We begin by discussing the GPU execution mechanism. In multithreaded or multi-device programming, two blocks of code that are independent can be executed in parallel; this means that the second block may be executed before the first is finished. This process is referred to as asynchronous execution. In the deep learning context, we often use this execution because the GPU operations are asynchronous by default. More specifically, when calling a function using a GPU, the operations are enqueued to the specific device, but not necessarily to other devices. This allows us to execute computations in parallel on the CPU or another GPU.
Figure 1. Asynchronous execution. Left: Synchronous process where process A waits for a response from process B before it can continue working. Right: Asynchronous process A continues working without waiting for process B to finish.
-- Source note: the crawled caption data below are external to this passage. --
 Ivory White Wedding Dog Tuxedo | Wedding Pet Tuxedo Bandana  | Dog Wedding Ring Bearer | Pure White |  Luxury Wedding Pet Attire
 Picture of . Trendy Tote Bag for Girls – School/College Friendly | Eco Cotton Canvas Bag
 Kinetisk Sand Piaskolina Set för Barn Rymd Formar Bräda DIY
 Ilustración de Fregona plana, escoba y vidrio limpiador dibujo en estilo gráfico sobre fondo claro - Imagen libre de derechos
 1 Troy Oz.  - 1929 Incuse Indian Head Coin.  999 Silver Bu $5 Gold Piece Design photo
Asynchronous execution offers huge advantages for deep learning, such as the ability to decrease run-time by a large factor. For example, at the inference of multiple batches, the second batch can be preprocessed on the CPU while the first batch is fed forward through the network on the GPU. Clearly, it would be beneficial to use asynchronism whenever possible at inference time.
The effect of asynchronous execution is invisible to the user; but, when it comes to time measurements, it can be the cause of many headaches. When you calculate time with the “time” library in Python, the measurements are performed on the CPU device. Due to the asynchronous nature of the GPU, the line of code that stops the timing will be executed before the GPU process finishes. As a result, the timing will be inaccurate or irrelevant to the actual inference time. Keeping in mind that we want to use asynchronism, later in this post we explain how to correctly measure time despite the asynchronous processes.
A modern GPU device can exist in one of several different power states. When the GPU is not being used for any purpose and persistence mode (i.e., which keeps the GPU on) is not enabled, the GPU will automatically reduce its power state to a very low level, sometimes even a complete shutdown. In lower power state, the GPU shuts down different pieces of hardware, including memory subsystems, internal subsystems, or even compute cores and caches.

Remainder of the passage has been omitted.